**Try it:**
With the pictures left out, restate exactly the part below that opens with the line containing "Ulti-Mates Jersey: Bryan" and closes with the line containing "1.9——天下贰经典版！三端互通！".

**Exercise input:**
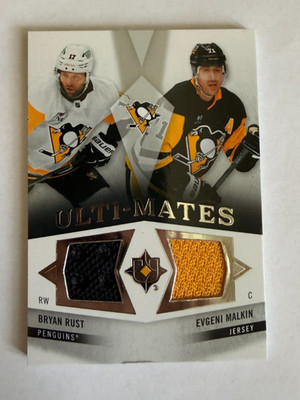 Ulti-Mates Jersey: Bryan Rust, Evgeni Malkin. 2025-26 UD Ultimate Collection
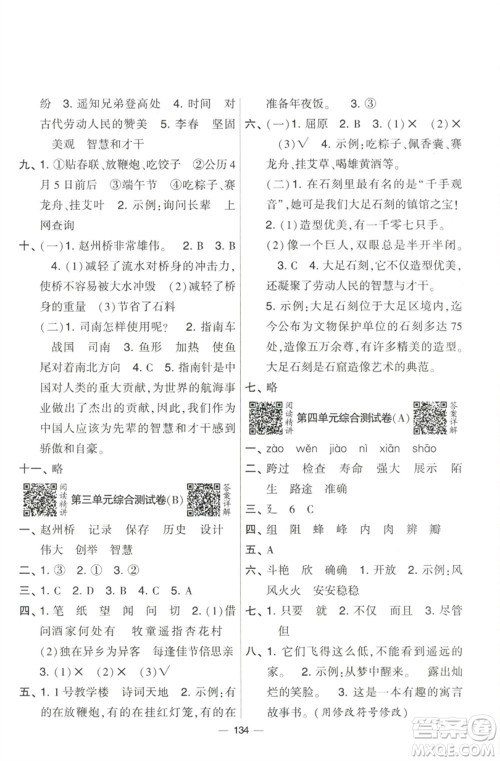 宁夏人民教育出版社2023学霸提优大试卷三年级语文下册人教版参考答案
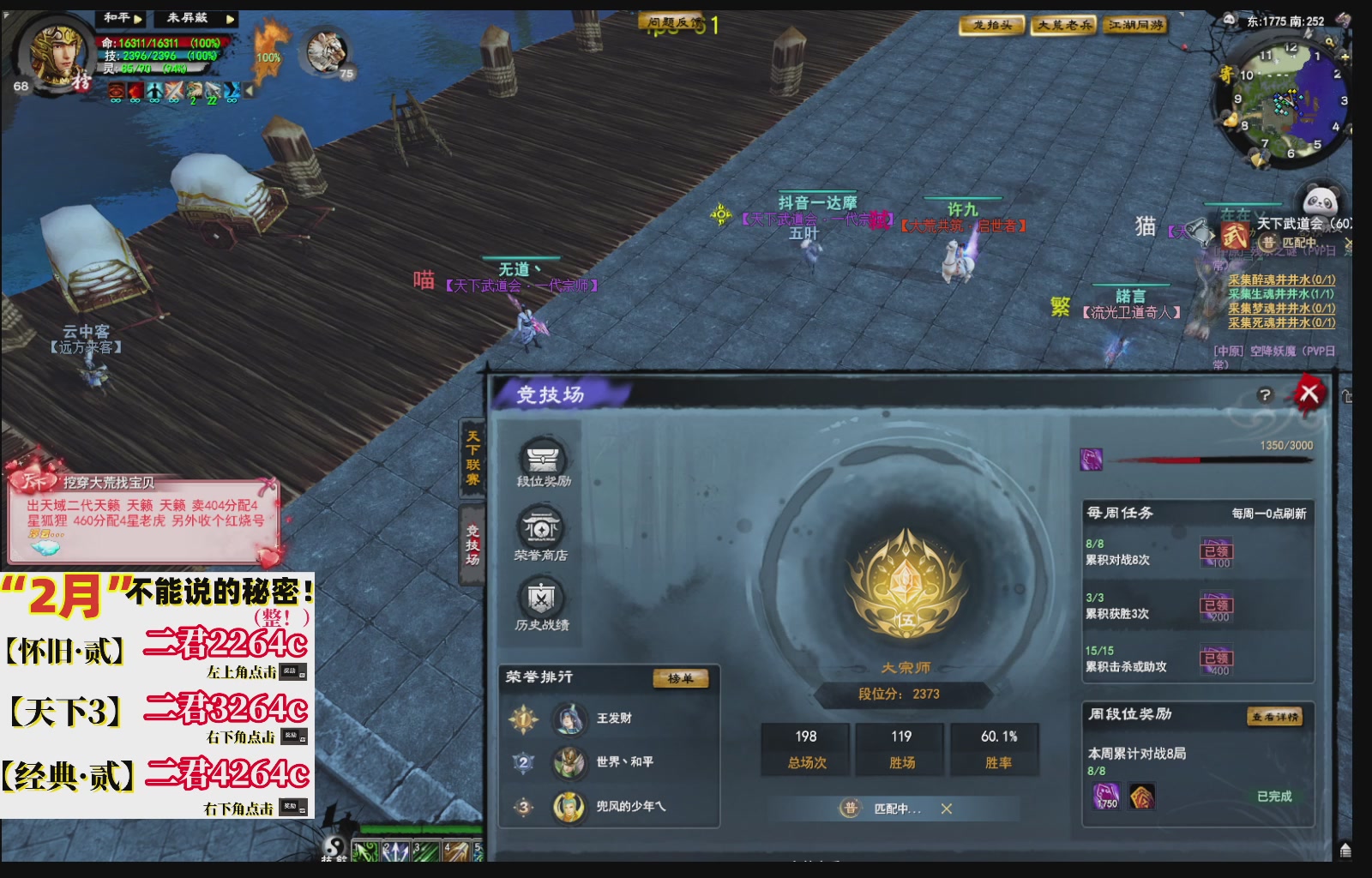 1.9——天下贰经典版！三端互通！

* * *

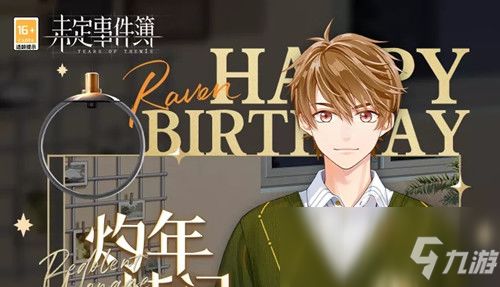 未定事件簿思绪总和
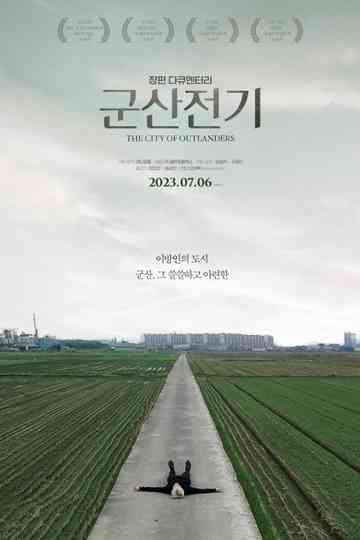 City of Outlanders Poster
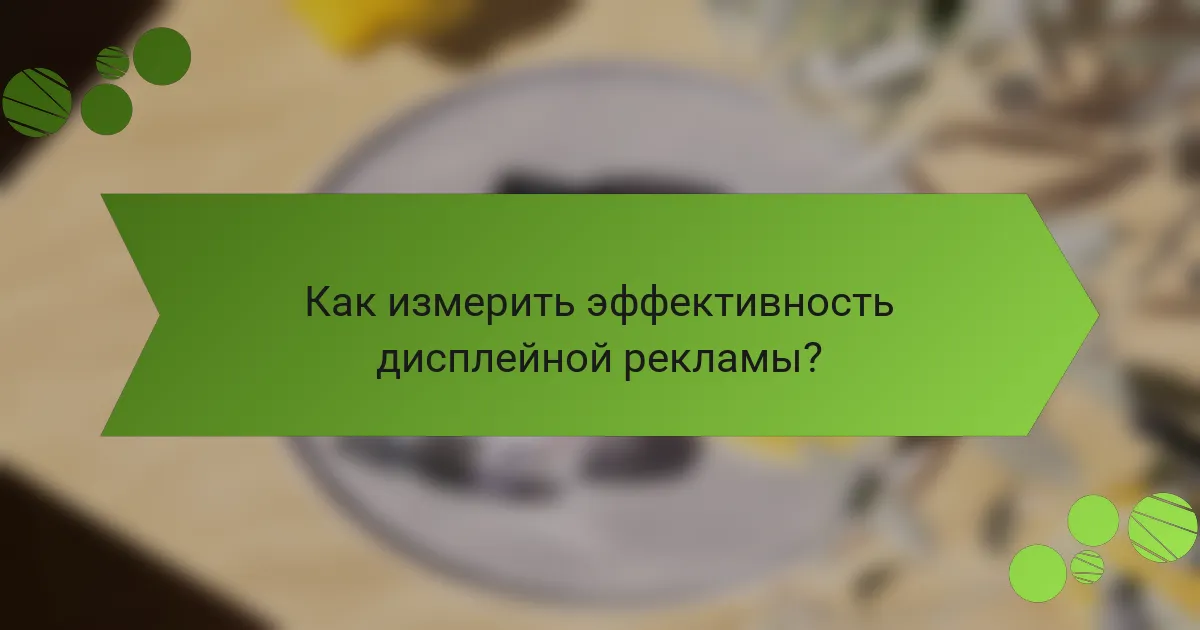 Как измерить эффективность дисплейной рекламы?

**Response area:**
 Ulti-Mates Jersey: Bryan Rust, Evgeni Malkin. 2025-26 UD Ultimate Collection
 宁夏人民教育出版社2023学霸提优大试卷三年级语文下册人教版参考答案
 1.9——天下贰经典版！三端互通！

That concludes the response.